これは何だろう。 地下への入り口?
これは、台形状に土を盛り上げて作られていました。
中央には、人が充分入れる位の空間があります。
木々の近くの、あまり目立たない箇所に建てられているのです。
土作の防火に優れた宝物置場でしょうか。
それとも地下へ通じる秘密の入り口。
この不思議な物体は、浜離宮恩賜庭園の中にあるのです。
海水を引き入れた「潮入の池」で知られる、徳川将軍家の大名庭園。
その華やかな雰囲気とはかけ離れた、地味な存在です。
ぐぐっと近寄ってみると、三方が板張りで、からだを隠せるスペースが設けられています。
のぞき穴があります。
木の板と木槌が下がっています。。
外に突き出た竹の筒も付いています。
実はこれ、鴨猟の大きな仕掛けの一つなのです。
「小覗(このぞき)」という設備です。
庭園なのに、その中で鴨猟ができたのですか?
・・できたのです。
浜離宮の敷地面積は、約25ヘクタール。
東京ドームの約5.5倍もあります。
その中に、鴨場が二つあるのです。
庚申堂鴨場(こうしんどうかもば)と新銭座鴨場(しんせんざかもば)です。
掲示されていた鴨場の案内図で、猟の様子をたどってみましょう。
鴨場は、「元溜り(もとだまり)」という島を配置した大きな池と、幾筋かの水路「引堀(ひきぼり)」からなっています。

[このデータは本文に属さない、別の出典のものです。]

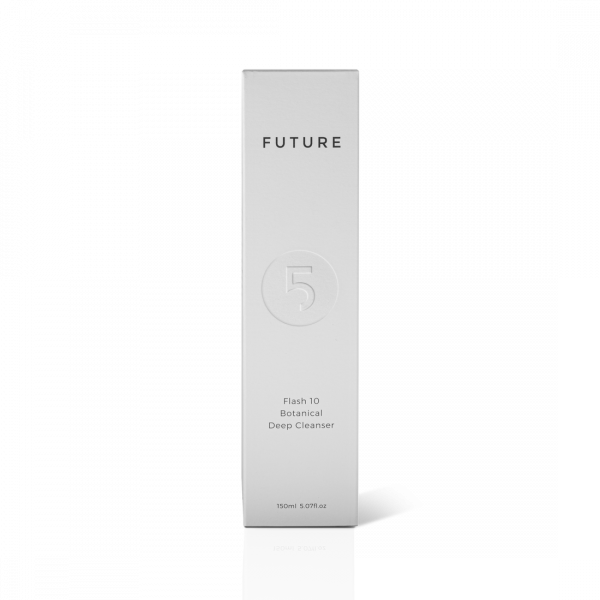 Future 5 Elements Flash 10 Botanic Deep Cleanser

秋から冬にかけて、野生の水鳥が鴨場の池に飛来するのです。
オナガガモ、コガモ、マガモ、ホシハジロなどです。
元溜りに、よく訓練されたおとりのアヒルを放しておきます。
この和式のムーミン屋敷の様な建物はなんでしょう。
「大覗(おおのぞき)」という、元溜りを見渡せる監視所です。
この場所で、鴨などの集まり具合や風向きなどを確認し、どの引堀で猟をするかを決めます。
見張りが隠れている小覗で、板木を叩き餌をまくと、おとりのアヒルが引堀に入ります。
鴨はアヒルの後を追う習性があり、つられて引堀に入ってくるのです。
堀に引き入れる鴨の数も、確実に捕獲できる数をあらかじめ決めておき、一定数になると鞴(ふいご)を使って引堀の入り口を泡立てて、後の侵入をさえぎる仕掛けがありました。

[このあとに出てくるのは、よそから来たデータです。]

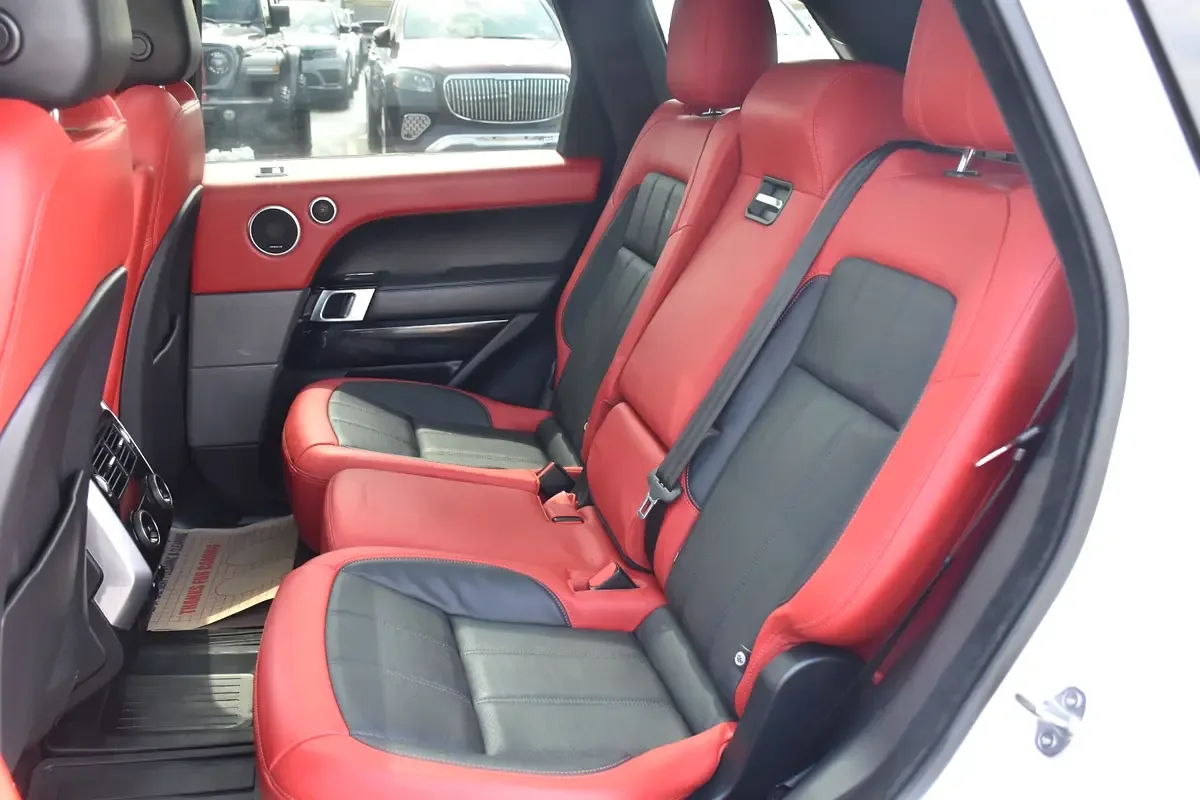 Land Rover Range Rover Sport 5.0 V8 Supercharged AT AWD (525 hp) - 16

捕り手が引堀の小土手に隠れていて、合図を受けて鷹を放ち、鴨を捕らえるのです。
明治以降は、叉手網(さであみ)を使いました。
叉手網とは、ラクロススティックの大きなものを想像してください。
園内に見本がありました。
その網を逃れたものを鷹が飛び立って捕獲するのだそうです。
逃してしまうと、鴨はその場所が危険だと仲間に知らせてしまうのです。
鴨猟は、江戸中期から昭和19年まで行われました。
今、池に浮かぶ水鳥たちは、人間に捕まることなく安心して過ごすことができます。
この時期、浜離宮のお花畑は菜の花の黄色で埋め尽くされます。
その柔らかな色彩に惹かれて、お花見の家族連れなども訪れます。
たしか民話に「かもとりごんべえ」というお話がありました。
鴨を一度にたくさん捕まえようとした権兵衛さん、寒さで凍った鴨の足を縄で縛っていきます。
朝になり氷が溶けた鴨たちが一斉に飛び立ち、権兵衛さんも空へと舞い上がってしまうのです。
さて、権兵衛さんはどこまで飛んでいったのでしょうか。
地方によって、着陸した場所はいろいろあるようです。
できれば権兵衛さん、お花畑の菜の花の上にふうわりと着陸できたらいいな、と思いました。